Discussion on: PySpark and Apache Spark Broadcast Mechanism

View post

Good one, thanks Adi! 👸
What's the benefit (if any) in using the broadcasting over standard spark caching?

Thank you, Shir! 💖
Spark caching built for caching Spark DataFrames or RDD in memory.
Spark is a distributed computing framework that works on distributed data.
Each executor gets a chunk of the data to process, load data into memory, process it, and remove it from memory ( unless there are optimization or more known actions on the data ).
We can ask Spark to explicitly cache that chunk of data in the executors' memory.
Caching action means that it stays in dedicated memory until we call unpersist on it.

We can cache many RDDs or DataFrames, but we won't have legal access from one to the other in the executors. If we exceed the memory space, the executor will write it to disk.

With Broadcast, we broadcast variables that we need, usually small size, shortlist, dictionary, and such that we are used together with the DataFrames or RDDs in computation.

For example:
Countries data map and financial transactions, countries data, and location do not change - that means static data. Transactions are new and are coming in streaming or batching. We can broadcast the countries with the static data map ( assuming it fits into memory) and in DataFrame load the transaction either in batch or streaming.
In each transaction computation, we can enrich and make the decisions based on the static data we have - the countries map.
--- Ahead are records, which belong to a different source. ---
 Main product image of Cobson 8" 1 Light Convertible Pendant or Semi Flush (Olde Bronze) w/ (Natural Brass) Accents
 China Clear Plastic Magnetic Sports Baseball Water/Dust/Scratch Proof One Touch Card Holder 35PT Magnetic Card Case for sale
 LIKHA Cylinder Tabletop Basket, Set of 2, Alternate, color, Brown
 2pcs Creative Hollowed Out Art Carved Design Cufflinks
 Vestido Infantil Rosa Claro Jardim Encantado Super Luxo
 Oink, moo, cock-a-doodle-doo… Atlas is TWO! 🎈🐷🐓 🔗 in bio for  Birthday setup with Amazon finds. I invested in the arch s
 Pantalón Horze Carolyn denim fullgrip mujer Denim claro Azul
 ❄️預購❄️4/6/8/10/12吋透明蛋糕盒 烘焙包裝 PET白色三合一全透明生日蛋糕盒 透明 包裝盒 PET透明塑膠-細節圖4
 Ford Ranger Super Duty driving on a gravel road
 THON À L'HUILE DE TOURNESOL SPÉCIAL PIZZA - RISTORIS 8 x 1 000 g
With cache - we can cache the transaction data and re-process it again but not the static data that is no an RDD or Dataframe. However, we might get blocked, and all other transaction will take longer or if we out of memory will be paused.
We can turn the static data into an RDD or Dataframe if we would like to take action on it specifically. Still, since it is relatively small data, it's better to do the calculations on the driver node and not 'pay' the overhead of distributed computing.

Is that make sense?